None of this addresses the question though. Nobody doubts the existence of unreasonable customers who leave bad reviews for dumb reasons. That doesn't change the parent comment's fact that the study unwarrantedly infers causality from the statistical correlation between bad reviews and popularity.
To address the question, bad reviews can affect popularity based on how things are listed and sorted online. If a restaurant has bad reviews then it will be lower on the list when sorted by average review. This will affect their popularity by not being as visible, and possibly the poor reviews affecting people’s desire to eat there.
I personally don’t go online and immediately sort by restaurants with 1 or 2 stars. I tend to sort by those with higher ratings.
Fake bad reviews by competitors and mean spirited people do know their actions have an affect on that business.
> To address the question, bad reviews can affect popularity...
That's not the question that others are referring to. Everyone agrees that bad reviews affect the popularity.
The question others want answered is how one distinguishes a "decent restaurant with bad reviews" from a "bad restaurant with bad reviews". Yes, initial bad reviews are likely to affect the number of total reviews a restaurant receives. But it's also clear that a bad restaurant is likely to get bad initial reviews. The press release says that the ratings of the initial reviews determines (causes) the total number of reviews and hence the eventual popularity of the restaurant, but doesn't explain how the researchers eliminated the apparently obvious alternative causal explanation that bad restaurants are more likely to get initial bad reviews, leading to fewer total reviews.
> The question others want answered is how one distinguishes a "decent restaurant with bad reviews" from a "bad restaurant with bad reviews". But it's also clear that a bad restaurant is likely to get bad initial reviews.
A helpful move for new establishments—especially independent ones which don't have the organizing strategies of large corporations—would be to delay allowing comments for 3–6 months. I've worked in food for a long time, still do, and it's so difficult to have all aspects of an establishment in a good place at the outset. Give restaurants the time to work out those kinks before accepting comments.
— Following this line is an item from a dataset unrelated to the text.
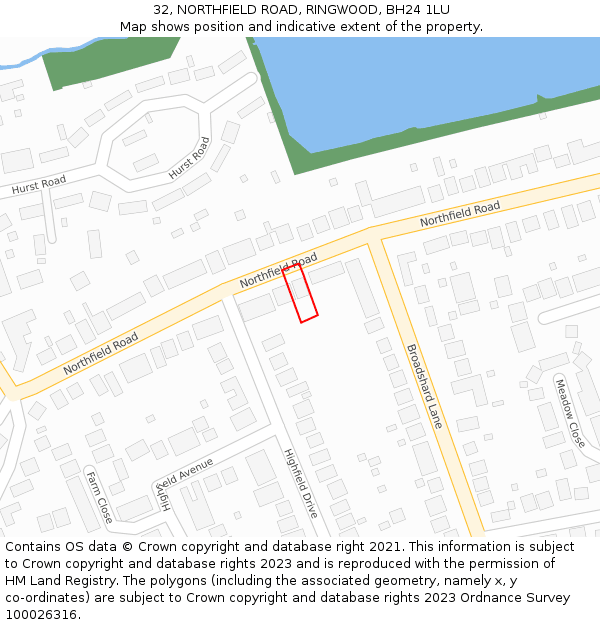 32, NORTHFIELD ROAD, RINGWOOD, BH24 1LU: Location map and indicative extent of plot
> One hopes that the paper (which I haven't read yet) answers this better than the press release
The paper: As the number of reviews is statistically significant and positive in all of the regression models, the more reviews a restaurant receives, the higher rating it has.
The question was - how do they know it's the bad reviews that hurt the restaurants, or if it's actually the bad service (which caused the bad reviews) that hurts the restaurants.
They observe an effect - hurt restaurant - they see bad reviews - they blame the bad reviews. But was it actually the bad service (evident from the bad reviews) which hurt the restaurant?
Is it possible for there to be such a thing as bad service which is not bad reviews?
The actual physical activities the restaurant does, such as choosing a menu, cooking food, handing food to customer, playing low music, cannot be good or bad on some independent scale. What you may see as bad service, I may see as great service.
I think the only possible thing is “what does the market think.” So the entire problem is correlation.
“Bad service” is, literally by definition, the name we give after the fact to types of service that correlated with bad reviews and low revenue.
> The actual physical activities the restaurant does, such as choosing a menu, cooking food, handing food to customer, playing low music, cannot be good or bad on some independent scale.
at a minimum, the health department disagrees, re cooking and delivering food.
Health/sanitation law is intended to stop people from getting sick from restaurant food. If you get sick from restaurant food, that would universally be considered a bad experience (and for those inclined, a bad review). That's a direct counterexample to the GP claim that there's no agreed-upon way to distinguish "bad" and "good" experiences.
I still fail to see why anyone thinks this is relevant. I agree health law exists for the purpose you cite - and this fact is not related to why patrons in the study give bad reviews of restaurants that are actively operating with permission of the health department.
> The actual physical activities the restaurant does, such as choosing a menu, cooking food, handing food to customer, playing low music, cannot be good or bad on some independent scale. What you may see as bad service, I may see as great service.
Once we went to a restaurant with hardly any diners, not at all busy. We ordered dinner. They served half our order. We waited for the other half. After about half an hour, we asked the manager. He went to investigate, and came back with the admission that they had forgotten to submit the other half of our order to the kitchen.
That's objectively bad service. I don't see how anyone could see that as "great service".
Now, maybe it was just an innocent mistake, someone having a bad day, and maybe the manager is really apologetic and offers some compensation and I forgive them. It would rule them out of consideration for a five star review, but I wouldn't give them one star just for that. Unless, if I had gone on a review site and saw a dozen other people complaining about the same restaurant messing up their order, then I probably would have left a one star review too.
My psychologist had a bad review saying that he made her talk about her problems and said that it sounded like it was her fault. She got all defensive and put him on blast. I don’t remember the specifics but reading her “bad” review made me think he’d be a good psychologist, tough but fair type. He was!